WORK REQUEST – Print each record below exactly as it appears.

☆ ☆ ☆ ☆ ☆ ☆ ☆

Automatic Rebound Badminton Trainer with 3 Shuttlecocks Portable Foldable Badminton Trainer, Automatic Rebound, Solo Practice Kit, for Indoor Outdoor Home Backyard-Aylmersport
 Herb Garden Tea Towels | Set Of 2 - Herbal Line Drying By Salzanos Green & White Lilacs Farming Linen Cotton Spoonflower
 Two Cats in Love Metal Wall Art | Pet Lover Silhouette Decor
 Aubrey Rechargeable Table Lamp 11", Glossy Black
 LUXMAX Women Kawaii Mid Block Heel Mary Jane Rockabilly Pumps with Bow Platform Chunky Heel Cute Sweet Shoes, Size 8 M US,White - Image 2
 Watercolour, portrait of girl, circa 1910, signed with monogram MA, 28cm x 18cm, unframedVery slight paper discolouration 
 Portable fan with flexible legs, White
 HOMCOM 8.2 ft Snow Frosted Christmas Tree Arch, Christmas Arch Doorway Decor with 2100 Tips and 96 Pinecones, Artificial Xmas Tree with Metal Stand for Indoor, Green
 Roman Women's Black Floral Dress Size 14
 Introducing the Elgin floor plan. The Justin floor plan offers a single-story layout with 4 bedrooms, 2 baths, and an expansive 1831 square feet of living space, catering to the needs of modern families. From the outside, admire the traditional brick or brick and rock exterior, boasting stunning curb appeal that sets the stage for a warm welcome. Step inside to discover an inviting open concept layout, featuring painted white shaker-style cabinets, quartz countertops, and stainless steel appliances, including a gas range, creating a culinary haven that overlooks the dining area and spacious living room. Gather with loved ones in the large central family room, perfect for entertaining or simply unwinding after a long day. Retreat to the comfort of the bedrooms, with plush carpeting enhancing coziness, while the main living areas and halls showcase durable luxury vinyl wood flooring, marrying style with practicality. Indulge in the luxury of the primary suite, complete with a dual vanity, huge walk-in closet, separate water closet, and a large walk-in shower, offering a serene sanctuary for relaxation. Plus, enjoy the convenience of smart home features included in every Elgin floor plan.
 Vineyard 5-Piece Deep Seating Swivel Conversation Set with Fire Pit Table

☆ ☆ ☆ ☆ ☆ ☆ ☆

WRITTEN REPLY –
Automatic Rebound Badminton Trainer with 3 Shuttlecocks Portable Foldable Badminton Trainer, Automatic Rebound, Solo Practice Kit, for Indoor Outdoor Home Backyard-Aylmersport
 Herb Garden Tea Towels | Set Of 2 - Herbal Line Drying By Salzanos Green & White Lilacs Farming Linen Cotton Spoonflower
 Two Cats in Love Metal Wall Art | Pet Lover Silhouette Decor
 Aubrey Rechargeable Table Lamp 11", Glossy Black
 LUXMAX Women Kawaii Mid Block Heel Mary Jane Rockabilly Pumps with Bow Platform Chunky Heel Cute Sweet Shoes, Size 8 M US,White - Image 2
 Watercolour, portrait of girl, circa 1910, signed with monogram MA, 28cm x 18cm, unframedVery slight paper discolouration 
 Portable fan with flexible legs, White
 HOMCOM 8.2 ft Snow Frosted Christmas Tree Arch, Christmas Arch Doorway Decor with 2100 Tips and 96 Pinecones, Artificial Xmas Tree with Metal Stand for Indoor, Green
 Roman Women's Black Floral Dress Size 14
 Introducing the Elgin floor plan. The Justin floor plan offers a single-story layout with 4 bedrooms, 2 baths, and an expansive 1831 square feet of living space, catering to the needs of modern families. From the outside, admire the traditional brick or brick and rock exterior, boasting stunning curb appeal that sets the stage for a warm welcome. Step inside to discover an inviting open concept layout, featuring painted white shaker-style cabinets, quartz countertops, and stainless steel appliances, including a gas range, creating a culinary haven that overlooks the dining area and spacious living room. Gather with loved ones in the large central family room, perfect for entertaining or simply unwinding after a long day. Retreat to the comfort of the bedrooms, with plush carpeting enhancing coziness, while the main living areas and halls showcase durable luxury vinyl wood flooring, marrying style with practicality. Indulge in the luxury of the primary suite, complete with a dual vanity, huge walk-in closet, separate water closet, and a large walk-in shower, offering a serene sanctuary for relaxation. Plus, enjoy the convenience of smart home features included in every Elgin floor plan.
 Vineyard 5-Piece Deep Seating Swivel Conversation Set with Fire Pit Table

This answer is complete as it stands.